St. Paul the HermitThe Episcopal Church of St. Paul in the Desert was named for Saint Paul the Hermit who was the first of the Desert Fathers.

A lesser Saint, the only recorded information on his life and religious influence is from the original Latin account which was written by Saint Jerome. In more recent years much of this was updated and amplified with the story of the whole movement of the Desert Monks in a book, the Desert FATHERS , written by Helen Waddell and first published in 1936.
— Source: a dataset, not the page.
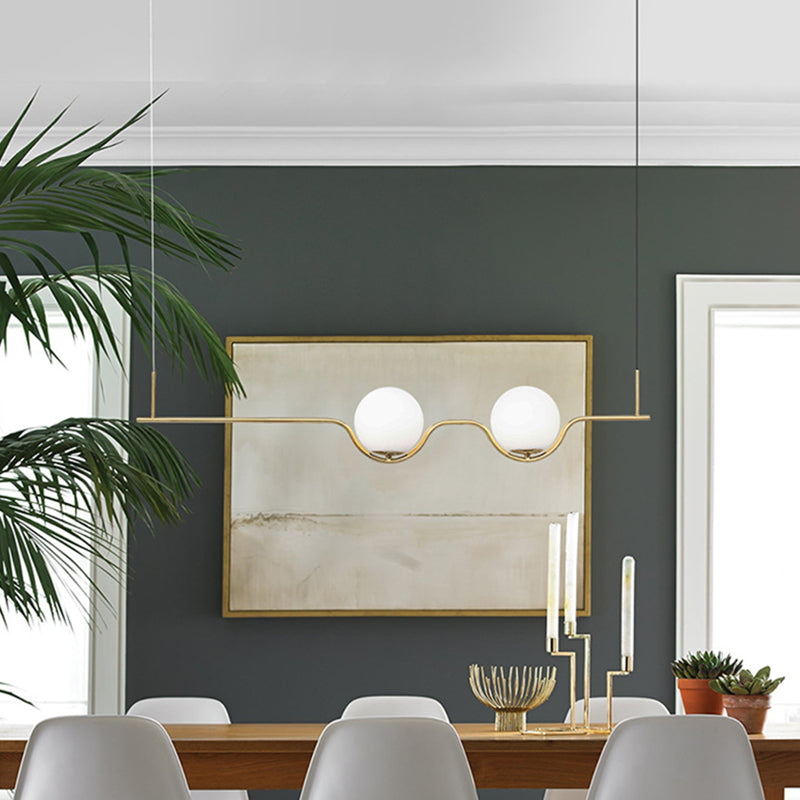 Modern Minimalism Linear Metal Island Pendant Lighting Spherical Glass Island Ceiling Light for Dining Table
Saint Paul was the first of these men who retired to the desert and spent their lives in solitude, prayer and meditation. He was soon followed by a large number of others, the best known of whom is Saint Antony, a devotee of Saint Paul, who led the largest community of these men in the desert. They became known as Anchorites which by dictionary definition is “a hermit or recluse, one who retires to a solitary place, specifically to devote himself to religious duties.”

The significance of this particular church being named for this first desert monk is far deeper than the mere fact that the parish is located in the desert community of Palm Springs. The true meaning lies in the life of Saint Paul and the lives of all the Desert Fathers. For though they contributed little or nothing to the philosophy of religion, they left much by their example of kindness, selflessness and humility. Saint Paul by his personality expressed in these and many similar qualities, influenced all of life about him in the desert, not only man, but also the animals and possibly even the plant life. As the first of the desert monks he certainly was the principal motivation for the whole movement of these men who spent their lives in solitary meditation and prayer.

228 – 341 A.D.

Feast Day: January 15

Saint Paul, an early Christian, was born in Egypt, in the ancient city of Thebes, of wealthy parents. He had one sister, a few years his senior. As a student he was well-versed in Greek and Latin and was always devout, a strong lover of God and gentle of spirit. He spent much time in prayer and meditation.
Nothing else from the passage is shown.